When we evaluate charities, we focus on their efficiency. We want almost none of our donations to be spent on overhead and administration so that almost all can go to the cause. For example, the Jewish Federation of Greater Atlanta gets a four-star rating from Charity Navigator because 89.9 percent of its total spending goes to programs and services rather than administration and fundraising.
It’s worth noting that, if anything, the insistence on efficiency and transparency in charities is stronger in millennials who are just entering the donor pool. David Koonin, 28, said during a Birthright Israel gala Monday night, Nov. 16, that his generation is skeptical of Jewish philanthropy and wants to know where every dollar is going so that nothing is wasted.
Pallotta, however, would argue that we’re making a false division between spending on the cause and spending on administration and fundraising. He drew a contrast with the for-profit business world.
Apple, for instance, spends billions on marketing and research and development to improve products, increase demand and drive more sales.

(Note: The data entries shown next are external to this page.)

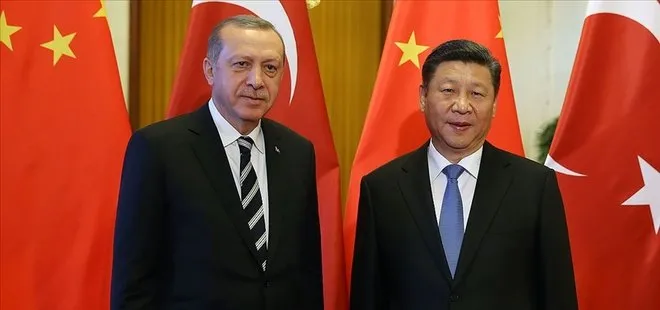 Çin Devlet Başkanı Şi’den Başkan Erdoğan’a geçmiş olsun mesajı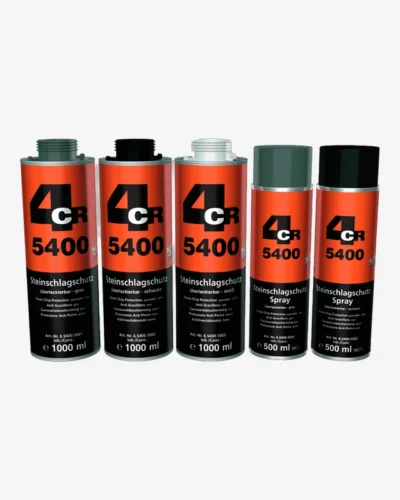 4CR 5400 Zaštita od udara kamenčića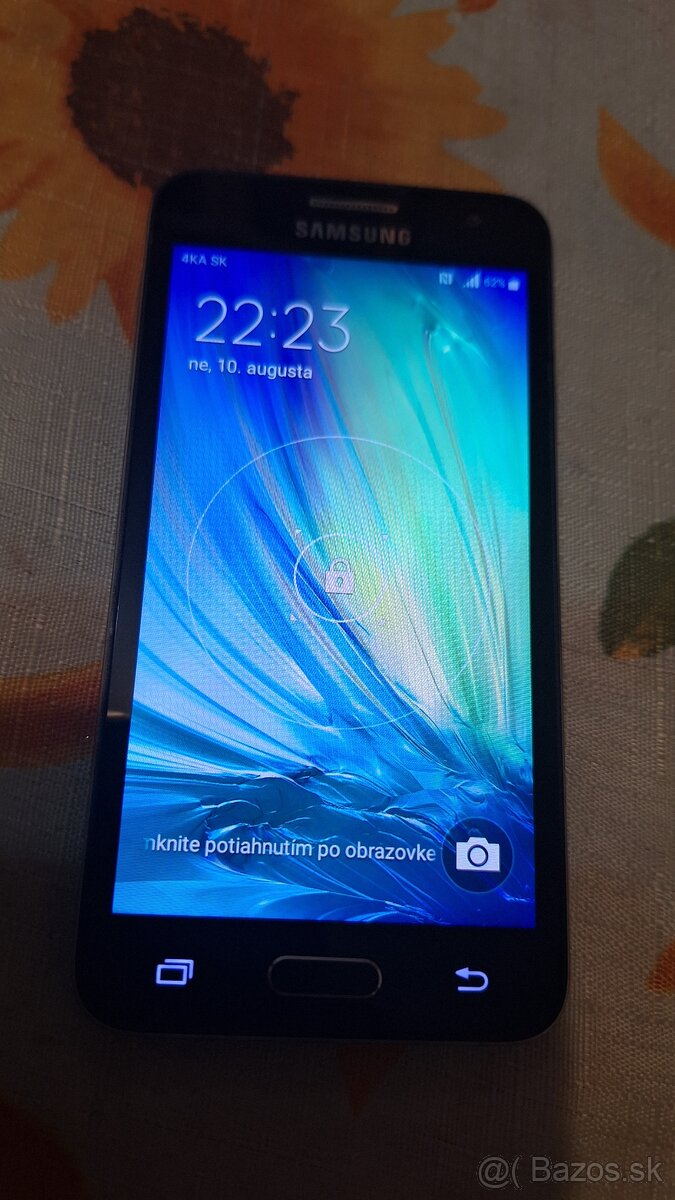 Samsung galaxy A3 2015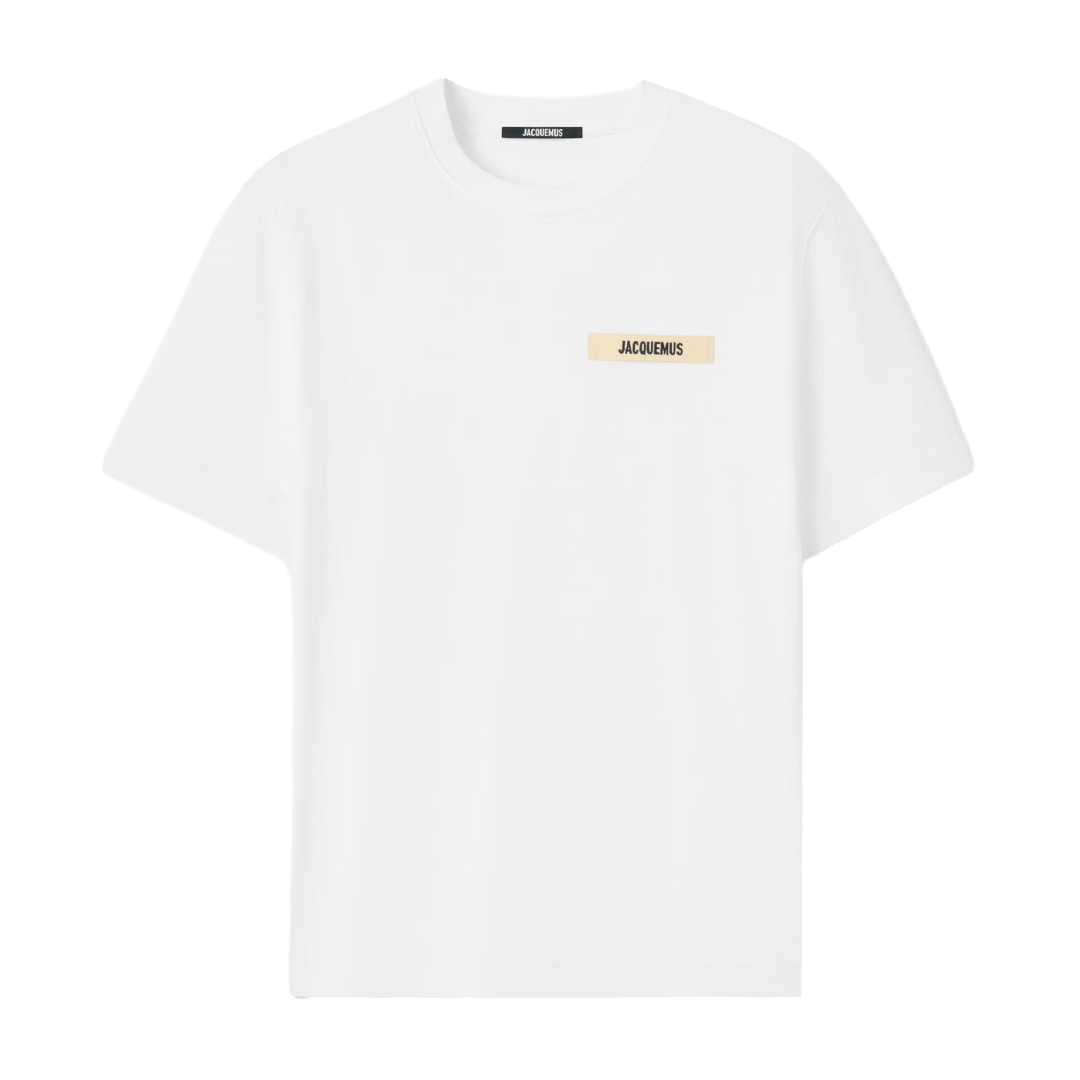 La camiseta Jacquemus Gros Grain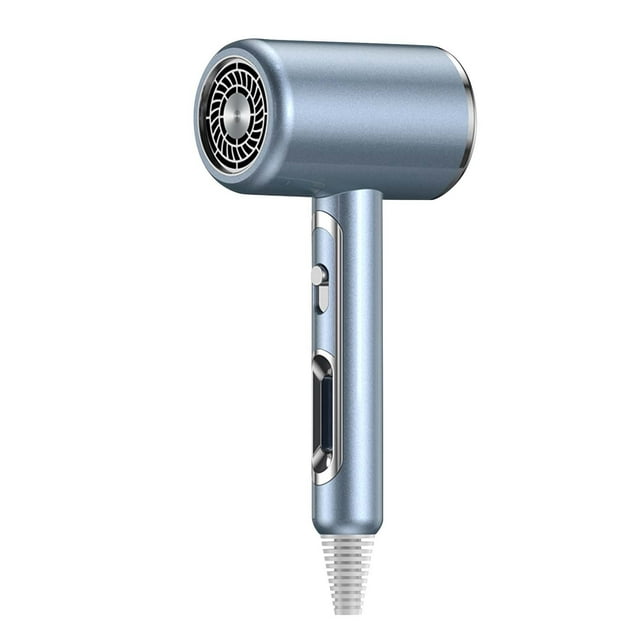 Zhimenggg Achieve with Our High Power Hair Dryer Featuring Blue Light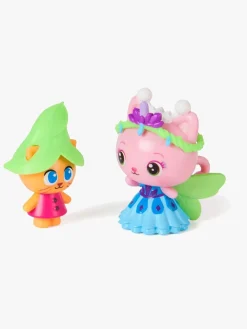 Legetøjsfigurer-GabbysDollhouse Gabby's Dollhouse Figur 2-pak Crystal Garden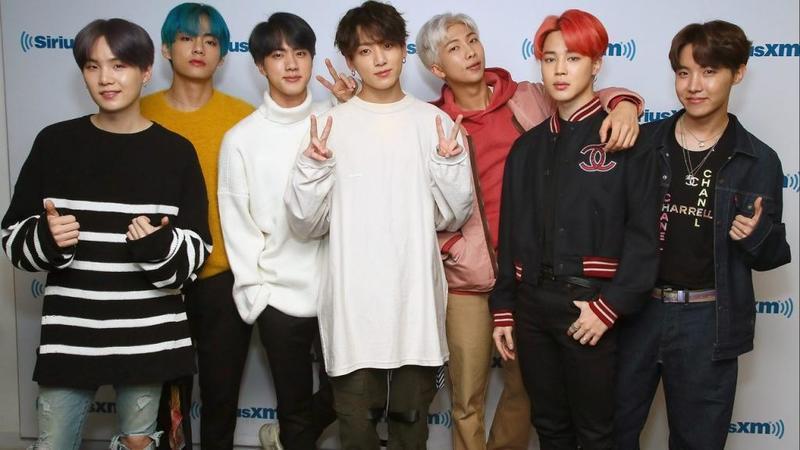 اجمل الصور لفرقة BTS4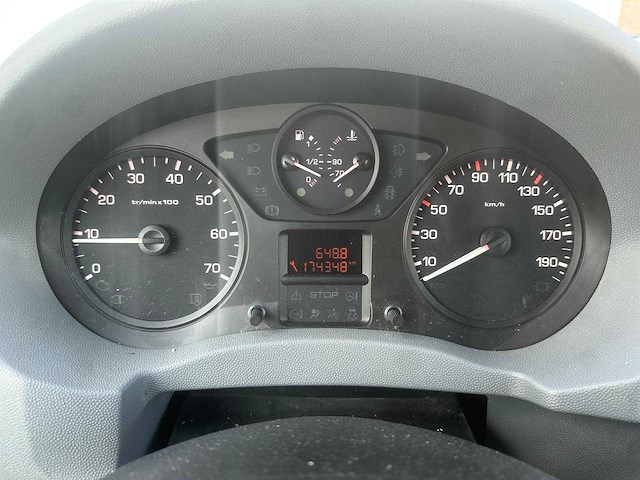 Peugeot expert 229 2.0 hdi l2h1dcp+, 2-vvv-12 - afbeelding 6 van  14
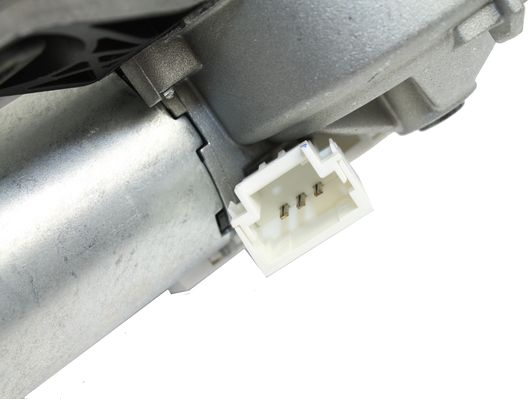 Wischermotor METZGER 2190770 ORIGINAL ERSATZTEIL f&uuml;r RENAULT, hinten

Big companies dare to make mistakes, recognizing that one big success more than makes up for several failures. But charities aren’t allowed to take risks, and a single failure is enough to cause an uproar.
The top executives at philanthropic organizations are paid well compared with, say, the welders and philosophers Marco Rubio talked about at the last Republican presidential debate. But they’re paid a pittance compared with executives with the same abilities and responsibilities in the corporate world. And those corporate executives are rewarded for bringing in new sales and profits, while their nonprofit friends don’t have a profit-sharing motivation.
Under Pallotta’s vision of applying the approaches of innovative for-profit companies to the nonprofit world, a charity would spend a smaller percentage of its money on programs and services, but that smaller slice would come out of a much bigger pie. And 60 percent of $10 million ($6 million) is a lot more than 90 percent of $1 million ($900,000).